For the complete documentation index, see llms.txt. This page is also available as Markdown.

Content editor

You compose your article content in the Content tab using the visual editor — similar to Shopware Shopping Experiences, but right inside the article.

How an article is built

An article consists of sections that contain blocks. Each block offers one or more elements such as text, image, gallery or video.

  • Sections are the big horizontal strips. There are two types:

    • Standard — single column.

    • Sidebar — two columns (main area + sidebar) on large screens. On tablet and mobile the columns automatically stack.

  • Blocks are the building bricks (text, image, image + text side by side, video, reviews and so on). They arrive on the stage via drag & drop from the right-hand block library.

  • Elements are the actual content of a block. Clicking on them opens an editor (text editor, media picker, gallery configuration, …).

Using the editor

The stage

  • Desktop / tablet / mobile switcher at the top centre: shows how the article looks on smaller screens. A dashed outline marks the simulated viewport. Pure preview — your content is unchanged.

  • Section header shows the number, the type and the action buttons (⚙ settings, ↑/↓ move, ✕ remove).

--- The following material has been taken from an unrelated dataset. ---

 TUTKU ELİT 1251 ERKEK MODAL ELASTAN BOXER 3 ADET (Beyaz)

  • An empty section shows a big dashed drop zone "Drop block here". Fill it either by dragging from the sidebar or via the "Add block" button.

The block library (right)

  • Collapsed by default so the stage stays as wide as possible.

  • Once opened you pick a category (e.g. text, image, commerce, blog) and see every available block.

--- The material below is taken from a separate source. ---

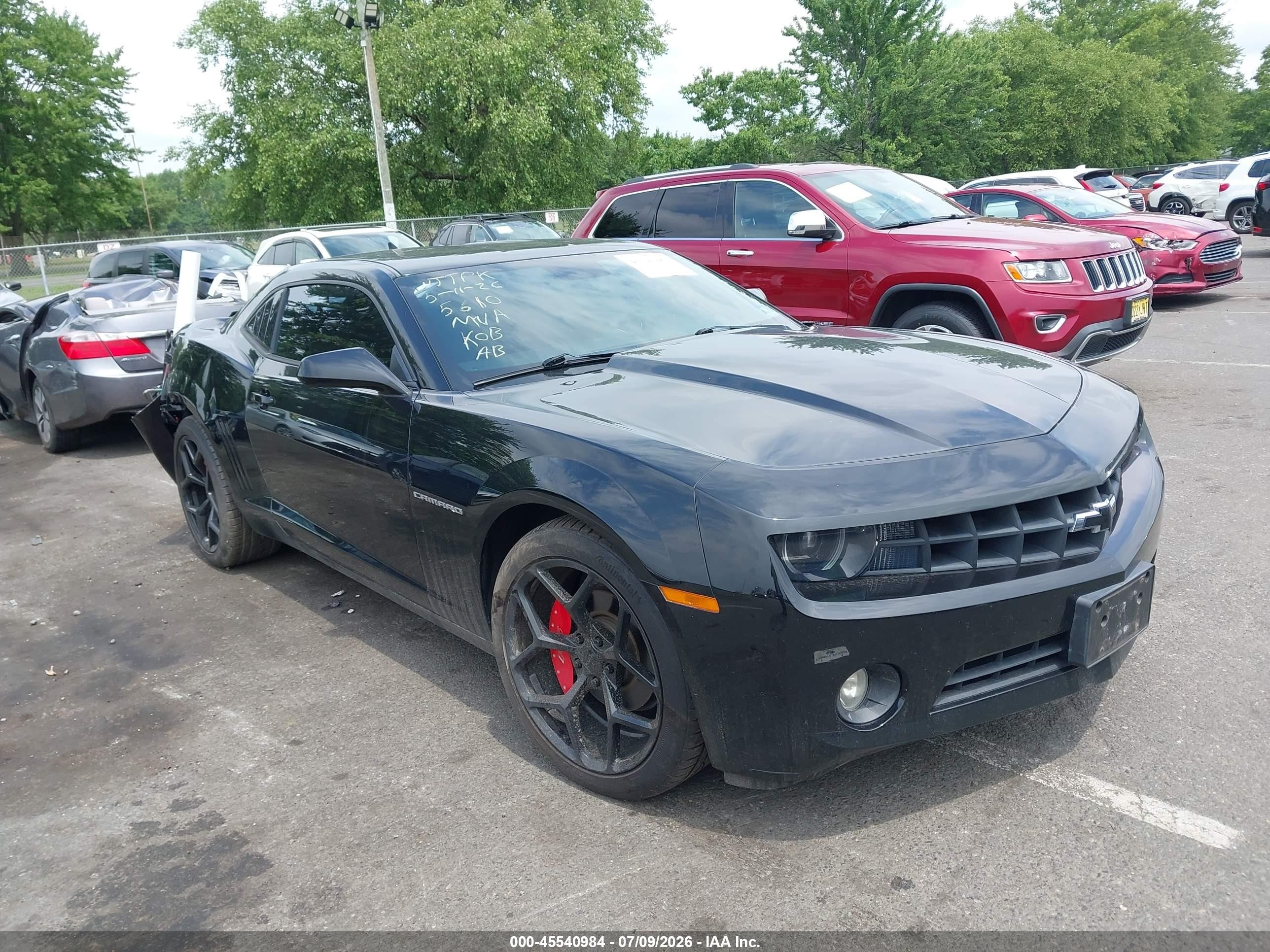 2010 Chevrolet Camaro 1lt Черный vin: 2G1FB1EV6A9215610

  • Every block is a drag source — drop it on any drop zone in the stage.

Add a section

Below the last section there's an "Add section" card. Pick the type (Standard or Sidebar) and click + Add section.

Section settings

The ⚙ icon in the section header opens a small dialog with:

  • CSS class — a custom class that the shop adds to the section container. Useful when your theme provides additional styles for this section.

Block settings

Clicking the ⚙ icon on a block header opens a settings panel right below the block:

  • Column position (Main area / Sidebar) — only visible in Sidebar sections.

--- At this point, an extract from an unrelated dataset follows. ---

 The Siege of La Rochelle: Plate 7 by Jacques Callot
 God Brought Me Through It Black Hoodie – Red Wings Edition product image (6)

  • CSS class for the block.

  • Margin top / bottom — spacing above and below the block.

Edit an element

Clicking a block opens the element dialog with two tabs:

  • Content — the actual editor (rich text for text, single-line for headline, media picker for images, …).

  • Settings — the same block settings as above (CSS class, margins, column position). Intentionally duplicated inside the dialog so you can adjust the layout while editing the content.

Content and settings are saved together on Apply.

Which blocks are available?

For stability reasons the block library is limited to a verified selection. Every block in this list is known to work properly in the inline editor.

Shopware standard

  • Text & HTML: text single-column, text two-column, text three-column, text on image, teaser section, HTML.

  • Images & image-text: image, image + text, image-text row, image-text cover, image cover, image slider, image gallery, image highlight row, image bubble row, three image cover, three image columns, four image columns.

  • Video: local video, YouTube, Vimeo.

Plugin blocks (PremsBlog)

  • Article content: title, subtitle, short description, preview image, author card, categories, tags, linked products.

  • Reviews (premium): aggregate stars, review form, review list.

  • Showcase: "Posts by category", "Latest posts", "Selected posts" (for custom compositions on the article page).

Drag & drop

  • A new block from the sidebar is dropped on a drop zone. A "+" cursor appears while hovering.

  • An existing block can be picked up with the mouse via the drag handle (⋮⋮) and re-ordered or moved between the main and sidebar columns of a Sidebar section.

In a different language

When you switch the language picker into a translation language the structure is locked:

  • No adding, removing or moving sections.

  • No adding, removing or re-ordering blocks.

  • Block settings (CSS class, margins, column position) stay locked.

What still works: the content itself — texts, headlines, alt texts of images, etc. Exactly what you want to translate. The editor automatically inherits the layout from the default language; you only overlay the texts with your translation. This keeps the article structure consistent across every language.

Tip: a proven article layout

A solid starting point for magazine-style posts:

This is exactly the layout shipped as "Blog detail page (PremSoft)". You can duplicate it in Shopping Experiences and tailor it as your own template.